Homosexuality in Israel
Israel is among the leaders in equality for sexual minorities.
Reprinted with permission from The Gully Online Magazine.
Although the idea of a vibrant queer community in Israel, reputed birthplace of the biblical condemnation of same-sex relations, may seem far-fetched, Israel today is one of the world's most progressive countries in terms of equality for sexual minorities. Politically, legally, and culturally, the community has moved from life at the margins of Israeli society to visibility and growing acceptance.
In the Beginning
There is no magic mythical beginning to Israel's LGBT community, like the 1969 Stonewall riots that spurred American queers into action. Instead, changes in the values and politics of Israeli society over the past twenty years or so created the space in which a gay and lesbian community could coalesce.
The first gay organization was established in 1975, thanks largely to the work of immigrants from the United States and other English-speaking countries influenced by the development of gay liberation and the counterculture of the 1960s.

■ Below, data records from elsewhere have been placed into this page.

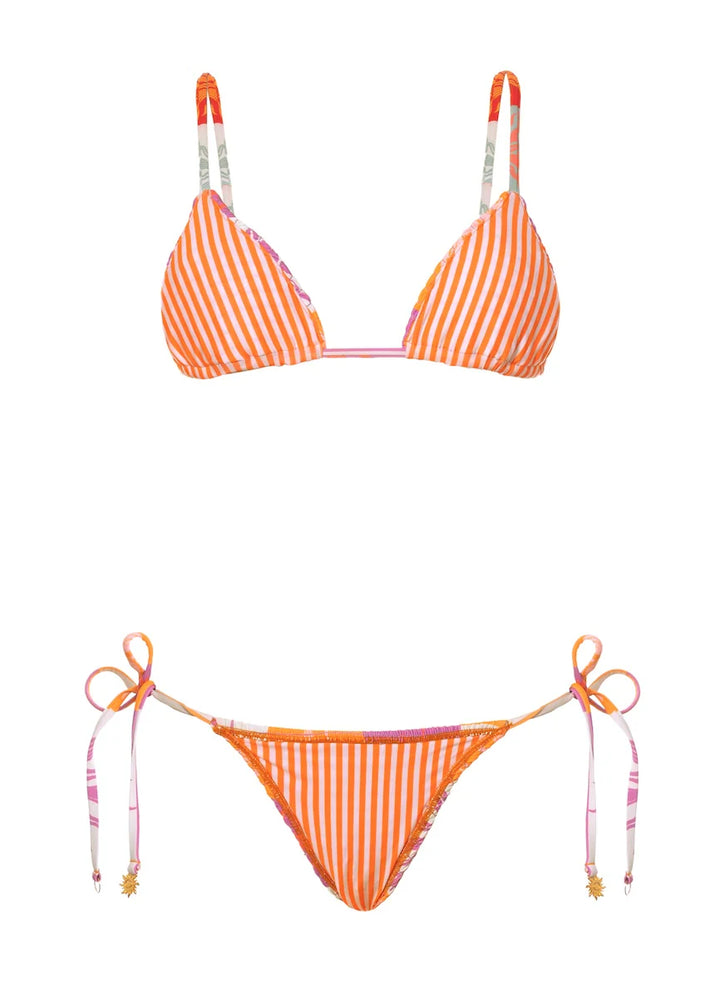 Maaji Patch Play Sunflash Tie Side Bottom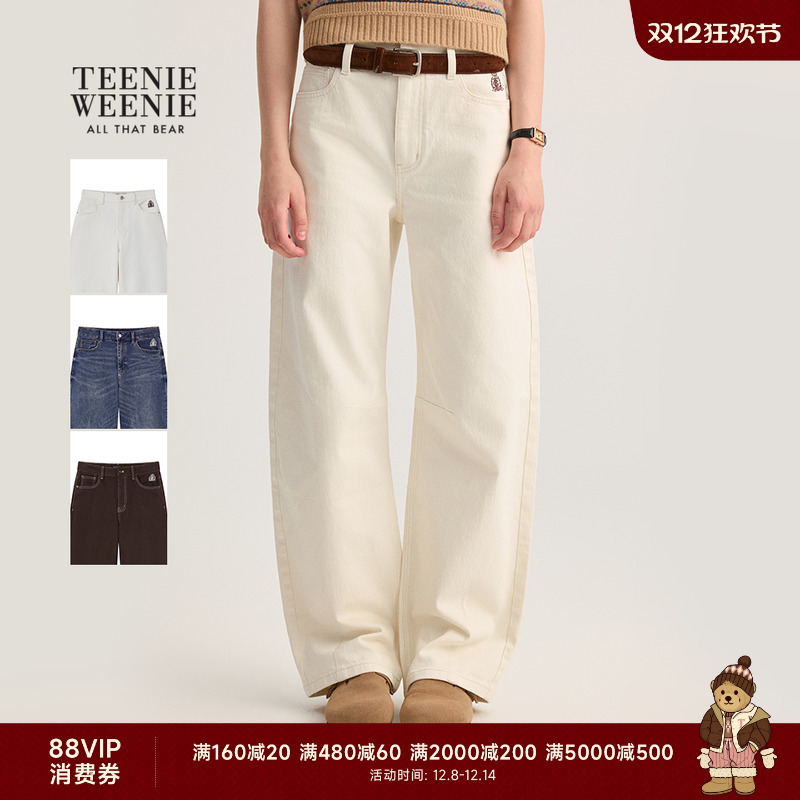 TeenieWeenie舒适宽松牛仔香蕉裤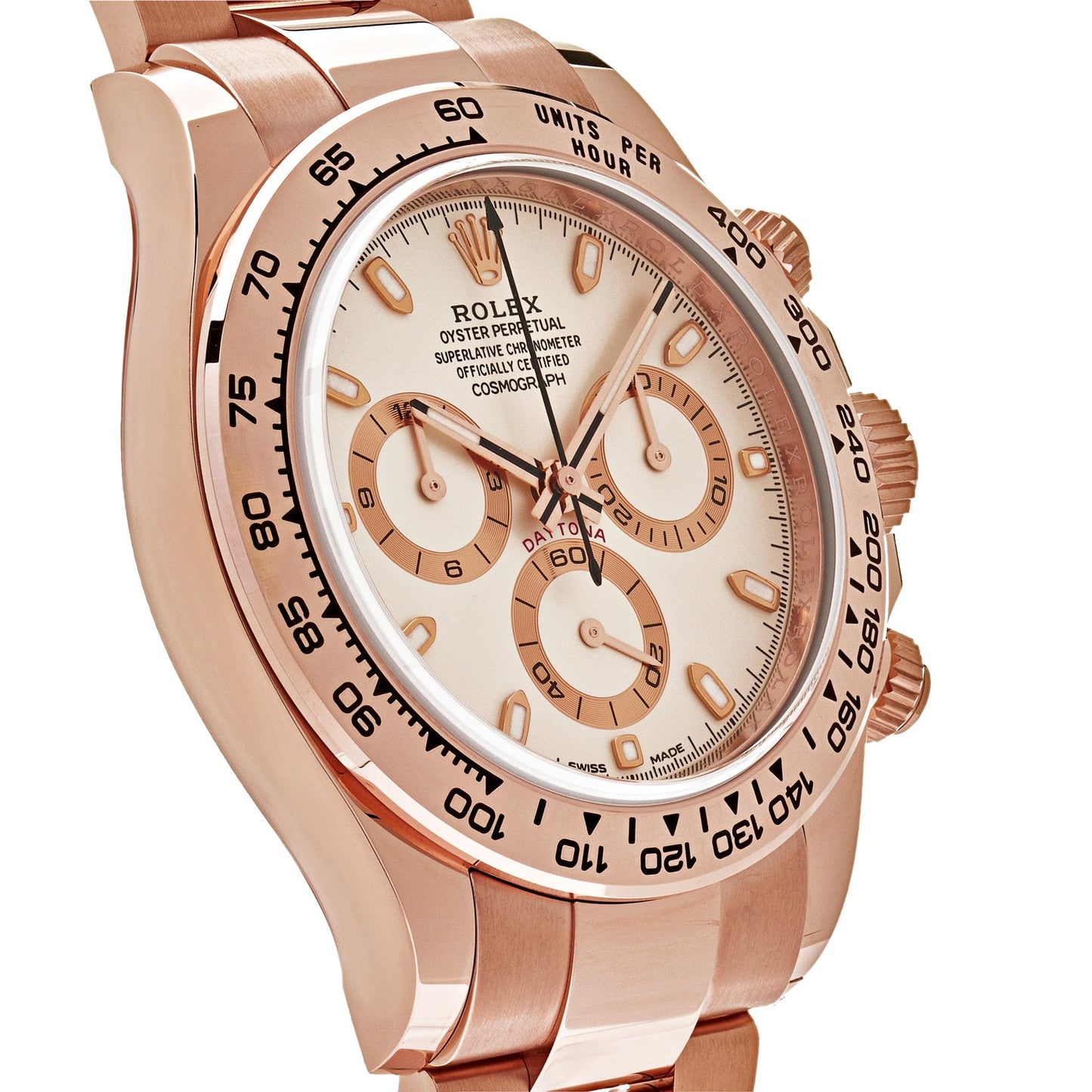Rolex Daytona 116505 Rose Gold Ivory White Dial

The very name of this first organization, the Society for the Protection of Personal Rights (then, as today, known as the Agudah, in Hebrew), reflected the difficulty of organizing sexual minorities at a time when the existence of a sodomy law was thought by many to make homosexuality itself illegal. In its early years, the Agudah functioned more as a support and social group rather than as a political organization.
Lesbians began organizing within the Israeli women's movement, which provided some space for the discussion of lesbian issues and radical feminism. But for many years, Israeli lesbians funneled most of their energies into feminism, rather than the struggle for gay and lesbian equality.
The development of a gay identity was difficult for many at a time when Israeli society was still in the midst of its Zionist revolution. Zionism, the national liberation movement of the Jewish people, sought to create a "New Jew" as part of the rebirth of Jewish sovereignty. The New Jew would work the land or engage in blue collar jobs, rather than in the "bourgeois" professions taken up by Jews in the Diaspora (the early Zionists were resolute socialists).
The security problems facing the Jewish state also precluded for many years discussion of a variety of social issues and problems. Pleading more pressing issues, the public agenda did not include the place of mizrahim (Jews who immigrated to Israel from the Arab countries) in a society dominated by European-born Jews, women's liberation, equality for Palestinian citizens of Israel, or gay rights. Moreover, the collective values preached by the early founders of the Jewish state likewise left little room for exploration of personal identity.